Niche Video Networks: Can Content Owners Make Money?
I get a lot of calls and e-mails from content owners of all sizes. Aside from the major broadcasters, many of those who contact me are smaller content owners producing their own online content and are trying to figure out their distribution, syndication and advertising strategy. In the past 12-18 months, niche video networks or micro video networks as some call them, such as For Your Imagination and Next New Networks have ramped up their offerings for small content producers trying to gain their business. At the same time, video platforms like Babelgum and Brightcove are also competing for these same content owners and the differences between a network and a platform continue to confuse people.
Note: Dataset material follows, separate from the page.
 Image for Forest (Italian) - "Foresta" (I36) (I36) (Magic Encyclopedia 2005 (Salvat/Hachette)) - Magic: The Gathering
These types of aggregators and networks offer content creators a promising new vehicle for syndicating and monetizing content that would be hard to do on their own, but many of those content owners keep asking what exactly the niche video networks offer and how the business relationship works? Much more info is needed on how these services actually operate and whether they might be good partners for content owners looking for an effective channel for distribution and monetization. As an industry, we talk about the value the networks provide, but from a very high-level with few details. As a result, content owners don’t know where to start and I get the same frequently asked questions all the time.
To try and shed some light on this for content owners, I asked Revision3, Next New Networks and For Your Imagination amongst other, on how they explain their business model to content owners and how they set customers expectation properly on licensing, syndication and ad revenue.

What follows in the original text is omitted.